A Data-Driven Felony

As limiting as it might feel at times for the companies, the importance of regulation and compliance isn’t lost on anyone. With new players swarming the industries, something like regulation takes a position of even more significance. If there are no regulations and compliance obligations in place, then things can easily go haywire, eventually taking the industry towards a collapse. The core task of regulators is certainly keeping things fair and organized, but over the years, their duties have become more and more layered, and the admission of technology into the frame means that their role is now essentially reinvented. From a more general standpoint, technology’s entry doesn’t look like a big deal for the regulatory sphere, but to get a better grasp of the situation, we have to look at what all it brings to the table. Technology has opened up more convenient pathways to institutional success; however, it has done so at an expense of opaque operations and a greater likelihood of non-compliance. Owing to the burgeoning number of such cases, regulatory bodies have been left with no option but to shake up their approach and treat the tech tools that are facilitating these cases with similar seriousness. An example of their changed approach appears within the shadows of a penalty slapped on App Annie.

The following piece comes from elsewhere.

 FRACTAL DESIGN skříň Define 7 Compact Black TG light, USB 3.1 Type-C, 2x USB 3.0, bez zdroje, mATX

The US Securities and Exchange Commission have formally announced that the mobile app data provider, App Annie is found guilty for “engaging in deceptive practices and misrepresenting the origins of its data”. As a result of it, the provider will have to pay a fine worth $10 million. SEC’s statement revealed that App Annie had promised its clients that the data they are sharing with the provider will be strictly used in an anonymized ways through an algorithm for the purpose of generating performance estimates. However, the company would go on to use real performance data to tweak its estimates. As per the reports, App Annie constantly indulged in this activity between 2014 and 2018, but that’s not all what they did.

The commission also took the veil of App Annie’s secret dealings with various trading firms, as the data provider sold a sizeable amount of confidential information to these firms by misleading them into thinking that the data was in line with federal securities laws. Apart from App Annie itself, the company’s now former CEO, Bertrand Schmitt was also fined a sum of $300,000. Furthermore, Schmitt will be barred from serving as a director or an officer for any public company over the next three years.

“Here, App Annie and Schmitt lied to companies about how their confidential data was being used and then not only sold the manipulated estimates to their trading firm customers, but also encouraged them to trade on those estimates,” says Gubir S. Grewal, director of SEC’s Enforcement Division.